## What you have to do
Copy out and return the lines from the one holding "Niedlicher Mops Welpen" to the end of the listing below, both included, omitting the pictures.

## Collected data
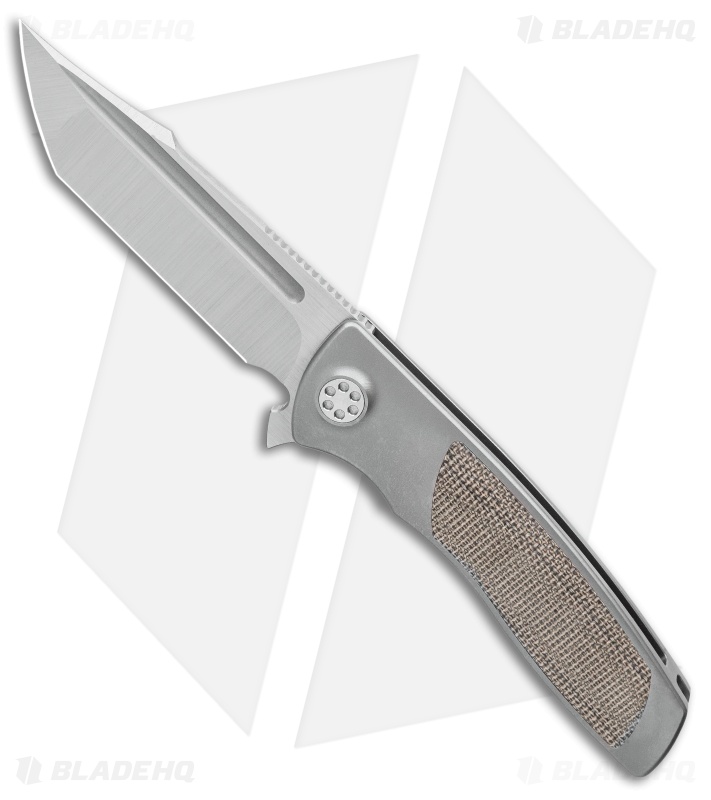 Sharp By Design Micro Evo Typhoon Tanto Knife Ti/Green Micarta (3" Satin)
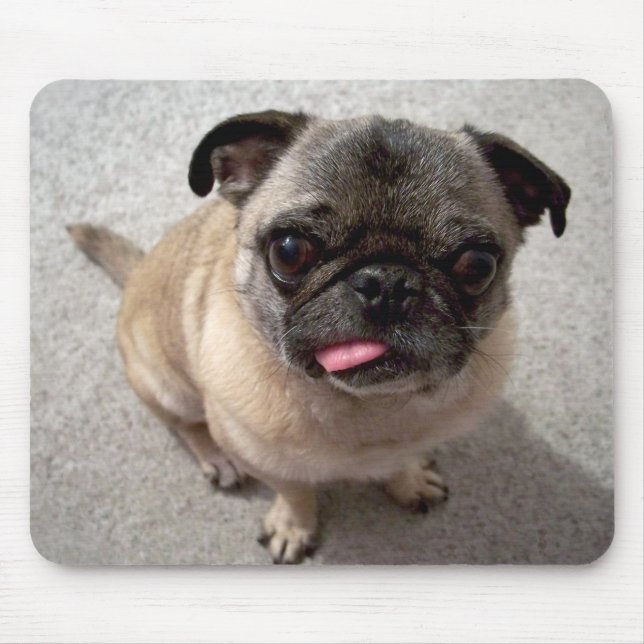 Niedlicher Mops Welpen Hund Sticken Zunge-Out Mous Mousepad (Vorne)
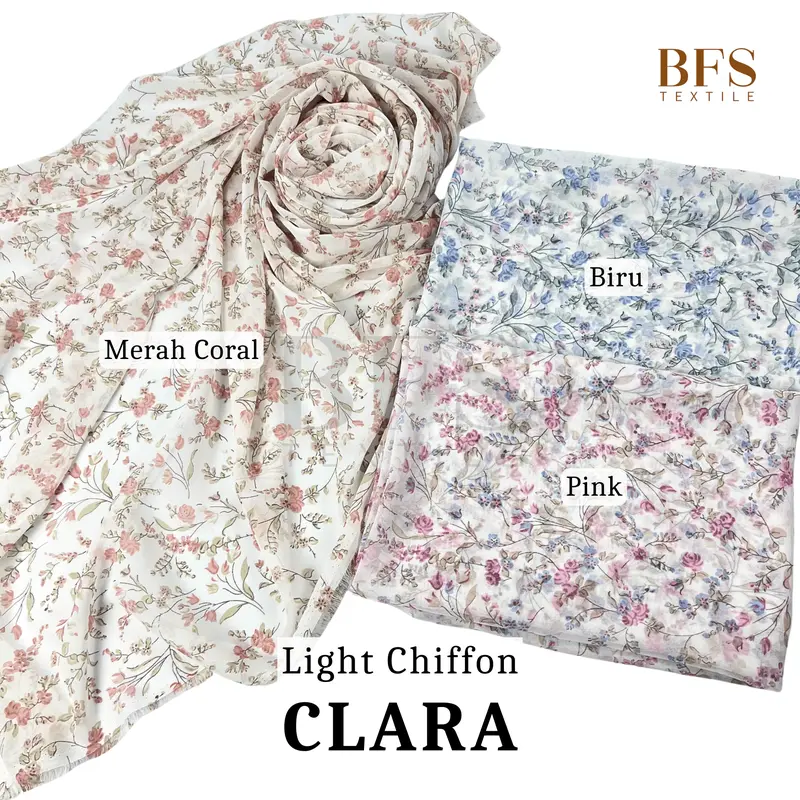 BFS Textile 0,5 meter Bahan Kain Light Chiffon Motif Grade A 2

## Solution to this problem
 Niedlicher Mops Welpen Hund Sticken Zunge-Out Mous Mousepad (Vorne)
 BFS Textile 0,5 meter Bahan Kain Light Chiffon Motif Grade A 2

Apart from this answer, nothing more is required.